[WACV 2024] TIAM - A Metric for Evaluating Alignment in Text-to-Image Generation

Grimal Paul, Le Borgne Hervé, Ferret Olivier, Tourille Julien Université Paris-Saclay, CEA, List, F-91120, Palaiseau, France

The progress in the generation of synthetic images has made it crucial to assess their quality. While several metrics have been proposed to assess the rendering of images, it is crucial for Text-to-Image (T2I) models, which generate images based on a prompt, to consider additional aspects such as to which extent the generated image matches the important content of the prompt. Moreover, although the generated images usually result from a random starting point, the influence of this one is generally not considered. In this article, we propose a new metric based on prompt templates to study the alignment between the content specified in the prompt and the corresponding generated images. It allows us to better characterize the alignment in terms of the type of the specified objects, their number, and their color. We conducted a study on several recent T2I models about various aspects. An additional interesting result we obtained with our approach is that image quality can vary drastically depending on the noise used as a seed for the images. We also quantify the influence of the number of concepts in the prompt, their order as well as their (color) attributes. Finally, our method allows us to identify some seeds that produce better images than others, opening novel directions of research on this understudied topic.

[WACV 2024 pdf]

[WACV 2024] TIAM - A Metric for Evaluating Alignment in Text-to-Image Generation

Running TIAM

Setup

Create a conda env with the following command:

conda env create -f environment.yml

And download :

import nltk

nltk.download('cmudict')

Generate datasets of prompts

To generate the datasets of prompts, you can use the config files provided in the config/prompts_datasets folder. Use then the following command :

# for a dataset (that we will use for the experiment)
python run_dataset_generation.py  \
    --save_dir Path2SaveDataset \
    --config path_to/config.yaml \
    --file_name dataset_prompt

# for a text file
python run_dataset_generation.py  \
    --save_dir Path2SaveDataset \
    --config path_to/config.yaml \
    --file_name dataset \
    --txt

Create a customize prompt dataset

Unroll

In the following, we will explain how to create your prompts dataset. In the config file, you can specify one list of objects to fill in a template at different positions or you can provide lists of objects that must be filled in each specified position.

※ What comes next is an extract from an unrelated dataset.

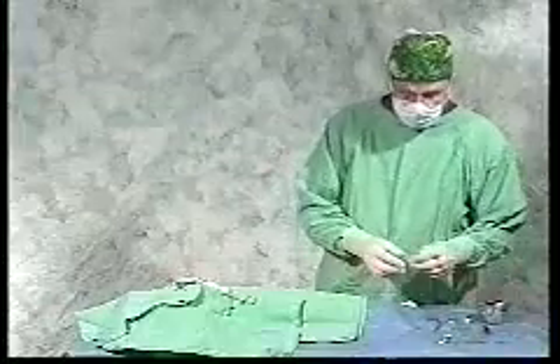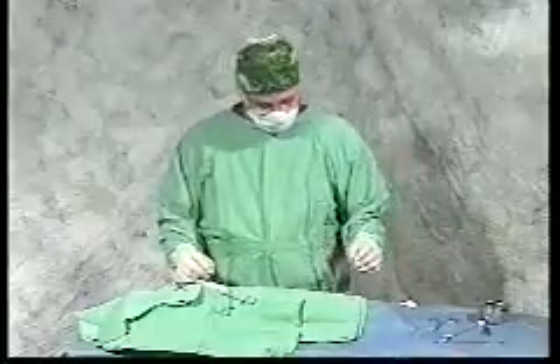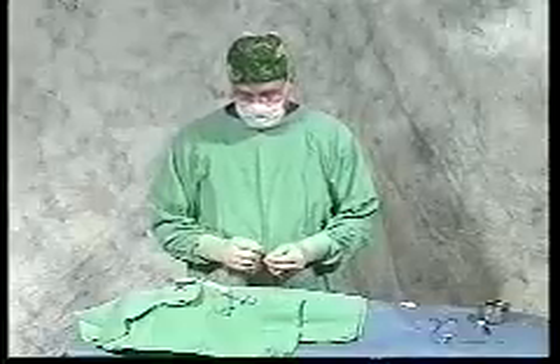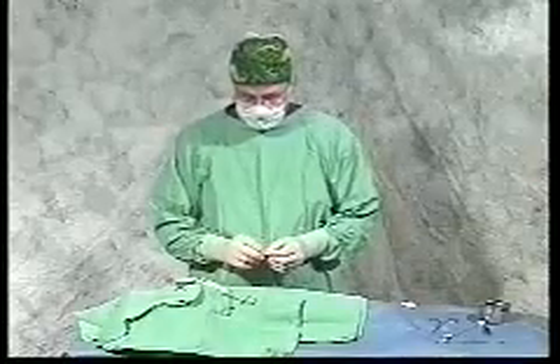I like to use 2-0 or 3-0 Bronimid. You want to avoid sutures that the cat might break easily if they scratch. We haven't found silk to work very well, and nylon sutures tend to break down after a few weeks. Our goal is for this tube to stay in place for months to a year, and over that course of time some sutures may need to be replaced. We want to use the stronger sutures that are still comfortable for the patient.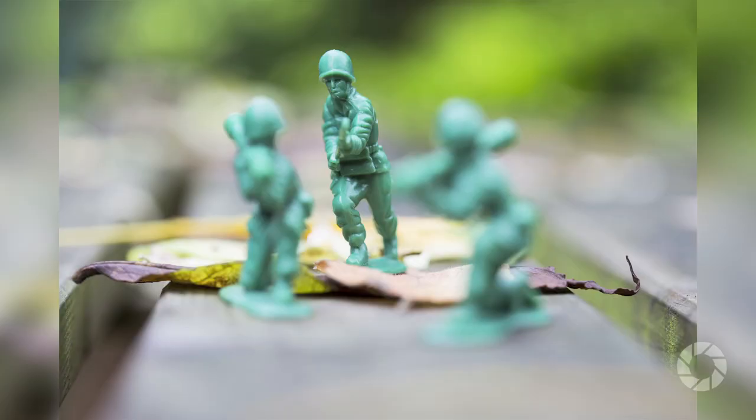Hi, I'm Doug McKinley and you're watching AdoramaTV. For this segment we're going to look at making tight close-up pictures using macro photography. The first question to ask is: what is macro photography?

In the template that you will write, you should use the following placeholder:

$objectX will be consider as the object that we want to detect on the image e.g. cat, dog, car, ...

$adjX will be consider as adjective associated to the objectX. In our case we will use it to evaluate colors.

$ind_arX is the indefinite article (a or an) that it will automatically be replaced by the correct one depending on the object that follow it. e.g. a cat, an orange

X an integer that will bind object, adjective

Case of a template only with objects (w/o attributes)

You can specify in the config file the params objects with a path to a text file with one object per line, or directly the list of objects in the config file.

template : $object1 and $object2
generate: OPTION
objects:
    list: [a,b,c]
# or
template : $object1 and $object2
generate: OPTION
objects:
    path: path/to/your/object_list.txt

Specify with OPTION in your config if you want to generate (even in the case of one object in the template because of the implementation):

all possible combinations of objects, each object appears one time in each combination (permutation)
- e.g. 'a','b','c', n = 2
  - ('a', 'b'), ('a', 'c'), ('b', 'a')
  - ('b', 'c'), ('c', 'a'), ('c', 'b')
all possible combinations of objects, each object can be present n times (combination)
- e.g. 'a','b','c', n = 2
  - ('a','a'), ('a','b'), ('a','c'),
  - ('b','a'), ('b','b'), ('b','c'),
  - ('c','a'), ('c','b'), ('c','c')
combination where is there is no mirror repetition (ordered_combination)
- e.g.'a','b','c', n = 2
- ('a','b'), ('a','c'), ('b','c')

Case of multiple object list (useful to combine with attributes)

In the case of multiple-object lists, you should specify one list per object in your template. We will generate all the config like this, in this case, this is necessary to precise the same name between the object in the template and the name of the list in the config file. e.g.

template : $object1 and $object2 and $object3
object1:
    list: [a,b]
object2:
    list: [c,d]
object3:  
    list: [e,f]

We will generate 8 combinations:

a c e
a c f
a d e
a d f
b c e
b c f
b d e
b d f

Sometimes, you will probably want to generate a dataset where you specify the same list of objects for some params but you do not want an object appears twice or more in the same combination. You can do this by specifying the unique param in the config file. You will give a list of objects that you do not want to appear twice or more in the same combination. e.g.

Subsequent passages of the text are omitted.